Но что же порождало эти фантазии Георгия Владимировича? Нельзя сказать, что он не преследовал никаких целей, что он врал из любви к искусству. Он хотел вырасти в наших глазах. Удивить нас, чем-то казаться. В эти тяжелые дни начала двадцатых годов среди честных людей было мало живущих в достатке. Лочкин рассказывал в кругу друзей:

— Когда я был молод, то утром, появившись к завтраку, поцеловав ручку у «маман» (какой фешенебельный дом!), подходил к отцу и, едва поздоровавшись, запускал руку в его карман, доставал бумажник и брал оттуда, сколько нужно было на мои вечерние шалости. Отец сердился, злился, но я это повторял каждое утро. И вот однажды, привычно опустив руку в карман, я обнаружил в нем пустой бумажник. И понял: мы разорены.
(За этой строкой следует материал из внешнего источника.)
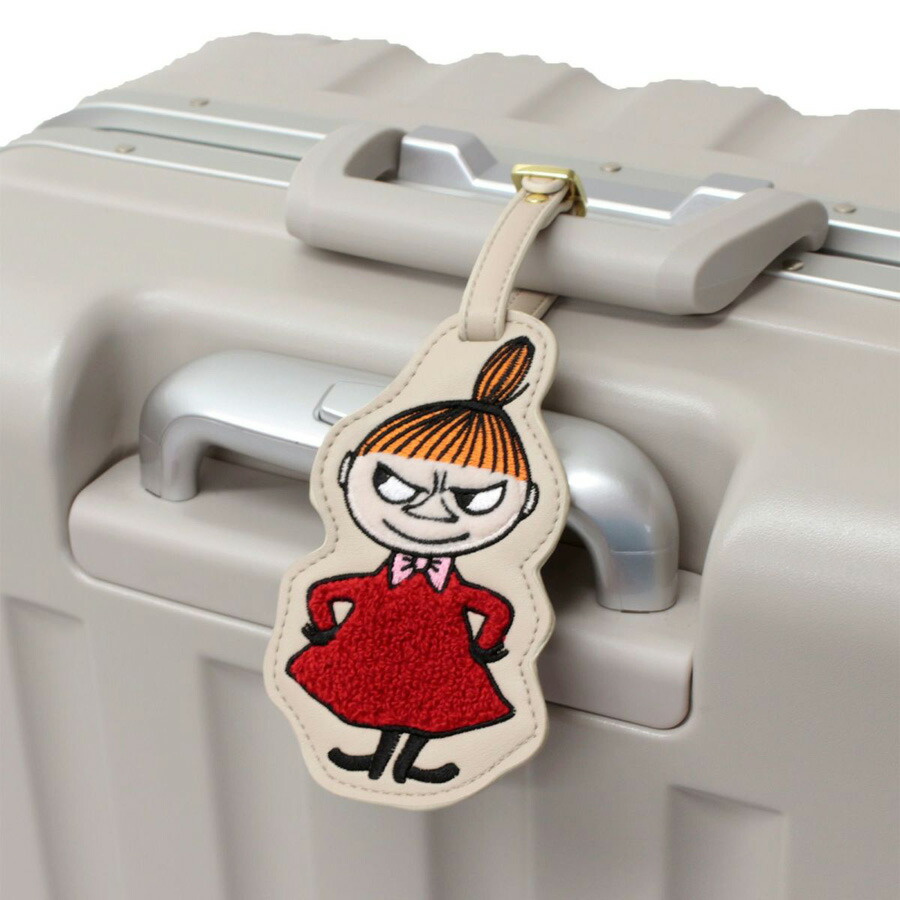 楽天市場】楽天SALEお得なP11倍＆限定CP配布中 MOOMIN ラゲージタグ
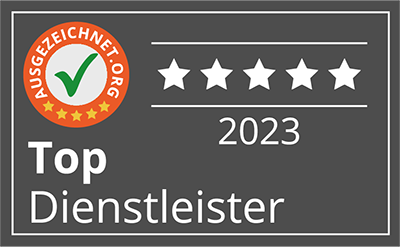 Top Dienstleister 2023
Все это он рассказывал так достоверно, что никто не смеялся, а пожалуй, и верили. Удивлялись, сомневались, но допускали возможность всех этих событий. Парадоксально, что на сцене он не был так убедителен. В «Плодах просвещения» он играл Петрищева, пустого светского человека. Казалось бы, ему и карты в руки, но чужой, авторский текст не звучал у него так органично, как тексты, выдуманные им самим. Его фантазии была больше его актерского таланта. Случай любопытный! Ведь, казалось бы, фантазия для актера — это все, без нее нет актера. Недаром Станиславский столько сил потратил на поиски ее возбудителей. А тут — бездна фантазии, но она как бы съеживалась, тускнела под давлением чужих слов.

Я думаю, что Лочкин был талантливый импровизатор типа актера комедии дель арте. В современном театре такие существа зрителям, возможно, и не несут особой радости, но для актерской среды — это клад. Они точно катализатор будируют творческую фантазию окружающих, заражают желанием создавать свои миры. Аномалия эта, мне кажется, любопытна не только для актеров, но для всех, кто стремится постигнуть сложность человеческой натуры, ее психологические парадоксы.